So, that's the walkthrough.  This paged design is much more difficult to disassemble, especially since it bops about so much.  A text editor with bookmark and easy highlight-and-search capability makes it easier to follow.  I use Notepad++, but that's Windows, and if you're puissant with vi then you probably can do even greater things.

HTH, but then again maybe I've given you a migraine.

dagnabbit... I gotta work through this...

55AA, when page d is mapped:

0x0d-> A14+

55AA=0101 0101  1010 1010

A15-14 get removed

55AA[addrBus]=01 0101  1010 1010

(what happens to A15-14=01? They select the z80 page mapper, in this case the one configured by port5, which is loaded with 0x0d)

Then 0x0d=0000 1101 -> A14+

00 0011 0101 0101 1010 1010

Yeah, I think I got this right...

And the ROM is at CS0, so A21-20=0 (bits 7-6 in port5) so needn't be considered...

00 0011 0101 0101 1010 1010

0  3  5  5  A  A

Is what's written to the VLSI's external address bus, directly wired to the ROM

Pretty sure that's right... I made note, in numerous such paper calculations, how it seems they chose certain commonly-used pages such that the "math" was easy...

Page D, simply tag "3" to the address. AS Long As it's mapped with port5 (not 6) into the range 0x4000-0x7fff

Since, again, D ends in 01, and, again, 01 selects the port5 page mapper.

(IF they'da chosen C or E, this scheme wouldn't work)

So, in the case where a ROM page number is selected that has its lowest two bits=01, (page 1, 5, 9, D) it's easy to look up the address in the ROM image, it's just the higher two bits shifted right twice, tacked onto the z80 address.

Page 1 -> 0001 >>2=00=0

Page 5 -> 0101 >>2=01=1

9 -> 1001 -> 10=2

D -> 1101 -> 11=3

So, page1 mapped-in, then a jump to address 0x6789 jumps to 0x006789 in the rom image

Page5 mapped-in, then a jump to 0x4567 is 0x014567 in the ROM image

PageD 55AA -> 0x0355AA.

It's not that those two lower bits in D aren't messing with the mapper (they do, which is why this only works with pages 1,5,9,D) it's that they /match/ the upper two bits in 0x55AA (or any address in that mapping range 0x4000-0x7fff)... thus making it easier to "math"...

Really quite clever of them... if I've got this right.

But, then, what about the other pages, say 2?

2=0010, 10 doesn't match the upper two bits of the range 4-7...

Math... can I do it?

Page2 0x4567

Uhh...

Ok...

The upper two bits in 4 are 01, those choose the port5 mapper, it's loaded with 2, 10 replaces the upper two bits of 4...

So, 1000 instead of 0100... so 0x8567 in the ROM image. Ugly math... i think that's why they chose page d for the jump table.

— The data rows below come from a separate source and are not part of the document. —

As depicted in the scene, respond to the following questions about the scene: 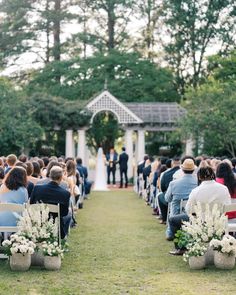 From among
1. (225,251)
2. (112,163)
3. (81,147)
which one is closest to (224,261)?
(225,251)

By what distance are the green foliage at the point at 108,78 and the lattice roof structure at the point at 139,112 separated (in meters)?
7.52

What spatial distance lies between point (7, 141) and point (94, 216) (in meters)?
15.7

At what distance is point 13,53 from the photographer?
156 feet

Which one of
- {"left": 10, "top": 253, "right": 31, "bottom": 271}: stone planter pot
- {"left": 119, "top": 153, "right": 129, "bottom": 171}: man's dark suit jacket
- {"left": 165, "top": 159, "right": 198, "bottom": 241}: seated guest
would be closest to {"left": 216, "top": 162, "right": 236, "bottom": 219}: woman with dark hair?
{"left": 165, "top": 159, "right": 198, "bottom": 241}: seated guest

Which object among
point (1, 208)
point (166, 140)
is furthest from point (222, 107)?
point (1, 208)

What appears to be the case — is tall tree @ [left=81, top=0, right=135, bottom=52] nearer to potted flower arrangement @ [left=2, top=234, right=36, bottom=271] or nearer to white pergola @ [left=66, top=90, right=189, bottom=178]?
white pergola @ [left=66, top=90, right=189, bottom=178]

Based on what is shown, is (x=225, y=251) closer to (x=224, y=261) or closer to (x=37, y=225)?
(x=224, y=261)

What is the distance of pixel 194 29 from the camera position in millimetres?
48219

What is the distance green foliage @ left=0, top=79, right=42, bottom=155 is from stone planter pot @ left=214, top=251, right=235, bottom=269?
75.7 feet

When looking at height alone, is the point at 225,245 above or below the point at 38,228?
below

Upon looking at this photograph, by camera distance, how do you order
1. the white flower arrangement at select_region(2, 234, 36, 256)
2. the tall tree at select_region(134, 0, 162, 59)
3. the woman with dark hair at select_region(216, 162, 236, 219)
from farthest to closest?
the tall tree at select_region(134, 0, 162, 59) → the woman with dark hair at select_region(216, 162, 236, 219) → the white flower arrangement at select_region(2, 234, 36, 256)

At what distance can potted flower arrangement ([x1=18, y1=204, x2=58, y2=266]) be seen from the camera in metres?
9.52

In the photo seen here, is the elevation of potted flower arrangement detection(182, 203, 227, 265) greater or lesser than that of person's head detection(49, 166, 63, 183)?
lesser

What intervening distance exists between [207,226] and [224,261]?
0.53 meters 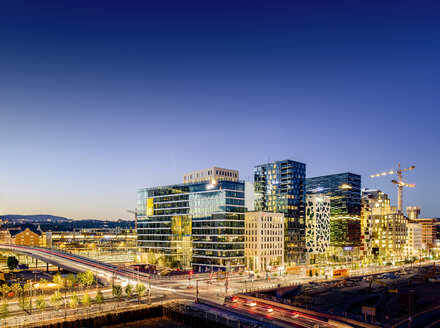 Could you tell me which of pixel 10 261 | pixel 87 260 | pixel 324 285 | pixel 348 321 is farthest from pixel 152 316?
pixel 10 261

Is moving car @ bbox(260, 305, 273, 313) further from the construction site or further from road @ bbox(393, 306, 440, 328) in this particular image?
road @ bbox(393, 306, 440, 328)

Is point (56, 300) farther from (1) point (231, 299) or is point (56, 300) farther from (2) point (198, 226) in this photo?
(2) point (198, 226)

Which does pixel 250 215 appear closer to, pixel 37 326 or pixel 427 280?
pixel 427 280

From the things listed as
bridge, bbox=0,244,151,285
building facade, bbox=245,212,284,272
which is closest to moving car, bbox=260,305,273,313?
bridge, bbox=0,244,151,285

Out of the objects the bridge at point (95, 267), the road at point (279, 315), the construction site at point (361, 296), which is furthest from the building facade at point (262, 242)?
the road at point (279, 315)

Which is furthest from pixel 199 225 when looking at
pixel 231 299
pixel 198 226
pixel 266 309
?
pixel 266 309

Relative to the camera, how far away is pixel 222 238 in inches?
6535

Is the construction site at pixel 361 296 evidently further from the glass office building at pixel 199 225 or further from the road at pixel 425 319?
the glass office building at pixel 199 225

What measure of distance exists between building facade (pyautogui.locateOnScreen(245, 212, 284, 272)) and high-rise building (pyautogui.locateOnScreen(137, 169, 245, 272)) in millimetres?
6573

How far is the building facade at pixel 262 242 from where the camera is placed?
572 ft

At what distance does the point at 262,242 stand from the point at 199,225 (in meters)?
28.3

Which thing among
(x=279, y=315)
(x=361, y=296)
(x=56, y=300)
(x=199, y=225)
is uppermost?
(x=199, y=225)

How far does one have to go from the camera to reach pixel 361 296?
411 feet

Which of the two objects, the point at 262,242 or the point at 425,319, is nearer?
the point at 425,319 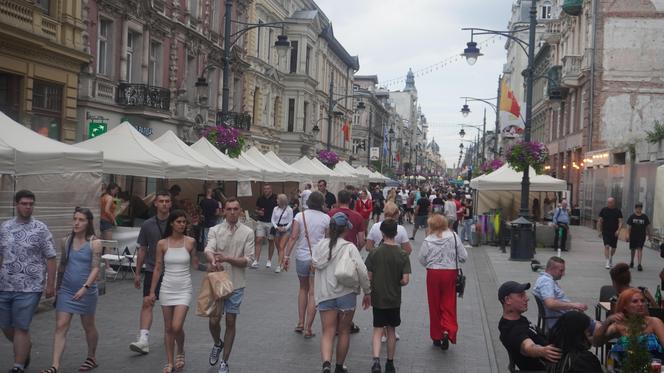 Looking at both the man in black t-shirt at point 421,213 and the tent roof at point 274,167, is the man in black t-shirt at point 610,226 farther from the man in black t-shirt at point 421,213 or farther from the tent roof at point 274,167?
the tent roof at point 274,167

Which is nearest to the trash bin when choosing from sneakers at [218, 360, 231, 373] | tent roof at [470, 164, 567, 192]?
tent roof at [470, 164, 567, 192]

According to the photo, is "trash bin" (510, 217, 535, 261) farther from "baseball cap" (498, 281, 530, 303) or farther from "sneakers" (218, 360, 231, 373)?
"baseball cap" (498, 281, 530, 303)

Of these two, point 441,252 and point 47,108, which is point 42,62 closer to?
point 47,108

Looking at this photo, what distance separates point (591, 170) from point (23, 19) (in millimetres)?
24466

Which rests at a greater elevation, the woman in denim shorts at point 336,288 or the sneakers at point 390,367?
the woman in denim shorts at point 336,288

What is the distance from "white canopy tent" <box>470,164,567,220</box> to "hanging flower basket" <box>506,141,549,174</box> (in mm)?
2811

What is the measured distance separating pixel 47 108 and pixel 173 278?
609 inches

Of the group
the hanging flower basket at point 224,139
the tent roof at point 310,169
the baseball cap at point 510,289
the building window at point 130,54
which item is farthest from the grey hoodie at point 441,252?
the tent roof at point 310,169

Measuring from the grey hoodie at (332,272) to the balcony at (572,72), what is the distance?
110 ft

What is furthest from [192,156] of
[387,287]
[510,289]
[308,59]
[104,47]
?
[308,59]

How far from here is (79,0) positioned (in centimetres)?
2261

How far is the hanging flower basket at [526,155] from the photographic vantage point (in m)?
21.7

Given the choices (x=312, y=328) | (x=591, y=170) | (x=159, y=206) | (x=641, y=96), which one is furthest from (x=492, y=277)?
(x=641, y=96)

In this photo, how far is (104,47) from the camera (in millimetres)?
25406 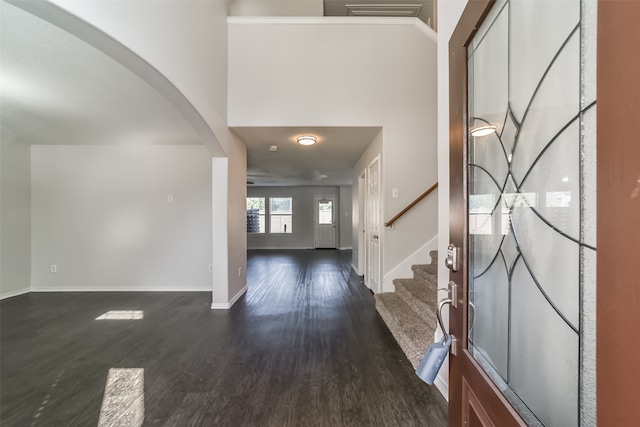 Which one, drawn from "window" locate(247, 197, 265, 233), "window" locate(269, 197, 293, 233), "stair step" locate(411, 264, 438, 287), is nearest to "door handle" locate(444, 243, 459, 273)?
"stair step" locate(411, 264, 438, 287)

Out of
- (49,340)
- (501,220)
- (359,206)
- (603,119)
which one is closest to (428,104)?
(359,206)

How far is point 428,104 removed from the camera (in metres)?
3.50

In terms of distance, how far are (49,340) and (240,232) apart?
225 cm

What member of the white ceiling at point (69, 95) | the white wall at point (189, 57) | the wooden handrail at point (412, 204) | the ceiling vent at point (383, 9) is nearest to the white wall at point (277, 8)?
the ceiling vent at point (383, 9)

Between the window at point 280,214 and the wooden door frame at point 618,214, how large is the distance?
9562 mm

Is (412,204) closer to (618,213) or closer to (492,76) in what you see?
(492,76)

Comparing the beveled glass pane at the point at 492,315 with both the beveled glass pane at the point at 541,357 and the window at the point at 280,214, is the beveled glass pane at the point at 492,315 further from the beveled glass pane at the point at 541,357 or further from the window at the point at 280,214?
the window at the point at 280,214

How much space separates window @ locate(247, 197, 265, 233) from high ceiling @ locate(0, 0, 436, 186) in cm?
479

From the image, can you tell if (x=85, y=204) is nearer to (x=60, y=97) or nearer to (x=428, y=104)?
(x=60, y=97)

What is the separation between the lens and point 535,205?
2.36 feet

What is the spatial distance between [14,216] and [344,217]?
8.00 meters

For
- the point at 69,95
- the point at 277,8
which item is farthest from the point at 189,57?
the point at 277,8

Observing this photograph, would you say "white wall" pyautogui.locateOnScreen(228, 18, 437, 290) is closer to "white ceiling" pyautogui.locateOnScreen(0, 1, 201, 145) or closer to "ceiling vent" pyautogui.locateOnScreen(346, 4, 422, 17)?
"white ceiling" pyautogui.locateOnScreen(0, 1, 201, 145)

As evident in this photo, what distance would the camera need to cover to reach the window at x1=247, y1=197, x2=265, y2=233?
9.83 metres
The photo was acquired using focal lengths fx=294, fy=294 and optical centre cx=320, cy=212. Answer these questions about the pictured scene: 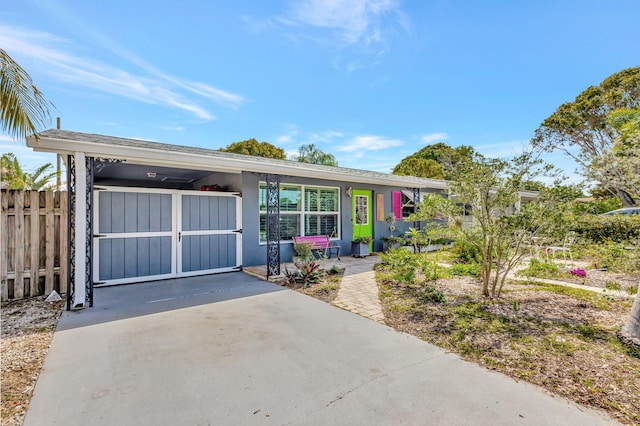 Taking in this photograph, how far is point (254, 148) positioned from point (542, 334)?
25735 millimetres

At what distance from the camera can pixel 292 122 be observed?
65.5ft

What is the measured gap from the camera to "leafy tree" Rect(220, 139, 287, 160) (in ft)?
87.2

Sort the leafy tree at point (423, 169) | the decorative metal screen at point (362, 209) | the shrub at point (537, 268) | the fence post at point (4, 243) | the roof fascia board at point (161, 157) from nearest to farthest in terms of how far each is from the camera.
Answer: the roof fascia board at point (161, 157), the fence post at point (4, 243), the shrub at point (537, 268), the decorative metal screen at point (362, 209), the leafy tree at point (423, 169)

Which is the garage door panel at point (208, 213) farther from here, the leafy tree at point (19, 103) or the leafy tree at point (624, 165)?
the leafy tree at point (624, 165)

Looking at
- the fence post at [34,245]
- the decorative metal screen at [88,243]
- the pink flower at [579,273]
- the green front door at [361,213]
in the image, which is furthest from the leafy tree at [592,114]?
the fence post at [34,245]

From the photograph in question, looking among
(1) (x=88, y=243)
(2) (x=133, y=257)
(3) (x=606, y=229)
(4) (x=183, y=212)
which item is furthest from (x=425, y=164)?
(1) (x=88, y=243)

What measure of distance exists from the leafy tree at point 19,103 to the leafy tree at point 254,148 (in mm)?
22562

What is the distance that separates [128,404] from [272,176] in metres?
5.60

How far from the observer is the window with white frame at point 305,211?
871 cm

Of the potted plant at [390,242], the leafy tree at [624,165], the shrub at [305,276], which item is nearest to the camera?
the leafy tree at [624,165]

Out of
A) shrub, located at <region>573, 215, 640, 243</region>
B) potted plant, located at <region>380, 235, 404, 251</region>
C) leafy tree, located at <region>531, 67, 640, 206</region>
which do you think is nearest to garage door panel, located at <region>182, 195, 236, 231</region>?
potted plant, located at <region>380, 235, 404, 251</region>

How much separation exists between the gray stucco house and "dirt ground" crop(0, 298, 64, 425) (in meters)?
0.55

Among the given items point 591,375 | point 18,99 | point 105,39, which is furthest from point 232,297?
point 105,39

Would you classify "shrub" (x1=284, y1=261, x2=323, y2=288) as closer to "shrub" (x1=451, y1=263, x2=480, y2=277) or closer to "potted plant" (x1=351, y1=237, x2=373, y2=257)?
"shrub" (x1=451, y1=263, x2=480, y2=277) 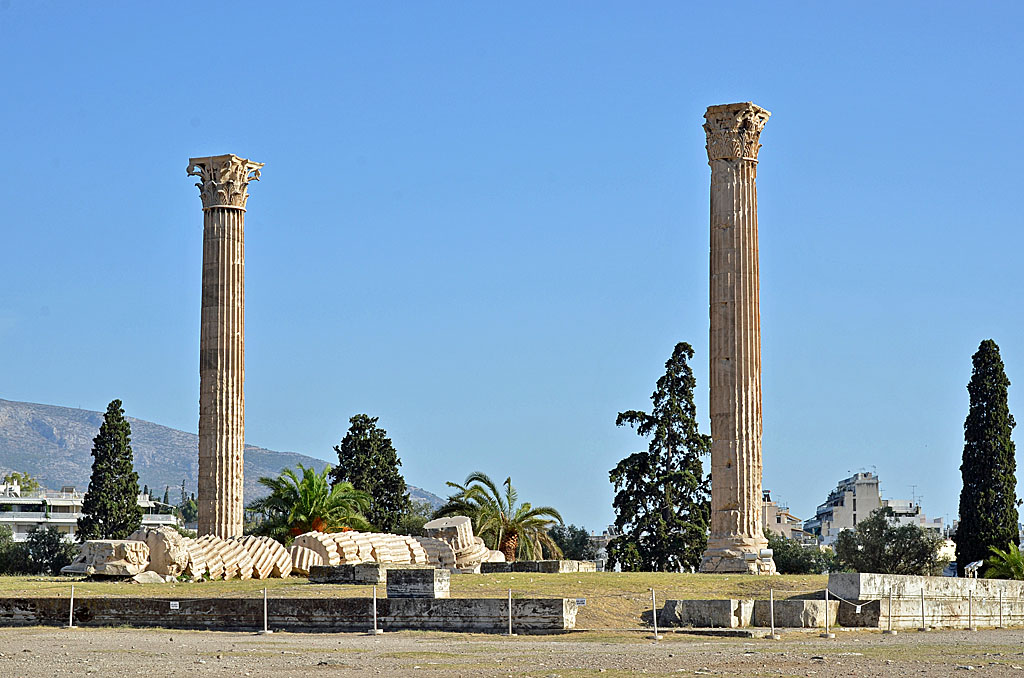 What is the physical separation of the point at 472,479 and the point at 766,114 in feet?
48.2

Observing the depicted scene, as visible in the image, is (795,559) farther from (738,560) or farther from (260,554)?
(260,554)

Lemme see if I can do page C... 0x5678

C=1100

3 ...

Then 00 in the upper two bits of 5, 0001 =1

0x31678 I think...

Or page F... 0x4567

F    4

1111, 0100...567

||\\   xx| |    ||||||||

11 11    00...567

||  ||//         |||||||

3 C          567

yeah, that's kinda gnarly, especially considering "the trick" almost makes it seem like this is in page D. Heh!

...

My 0x355AA calls 0x3e2b...

OTOH, it's plausible our rom images differ. Maybe due to how it was downloaded (how'd they map it when dumping?).

Yours makes more sense to actually be a getkey routine... mine looks like it does nothing more than send a machine-id packet through the link port.

Maybe I should use my new UARtoST to dump my own ROM. Heh!

...

Sheesh... now I'm trying to follow through yours step by step and even the first byte doesn't match... starting to think i got a funky rom dump.

there were, to wit, something like 5 known versions in the field (1.2-1.6).  My ROM image came off the web  (https://tiroms.weebly.com/) because I didn't have a physical device at the time, and that one is 1.3.  My recently-acuqired physical device is 1.6.

[2nd] [MORE] [ALPHA] [6]

Press [EXIT] after you take a gander.

There will be discrepancies between versions, of course.  It will be interesting to have your dump if it is not 1.3.  I haven't bothered to dump mine because I don't have a link yet.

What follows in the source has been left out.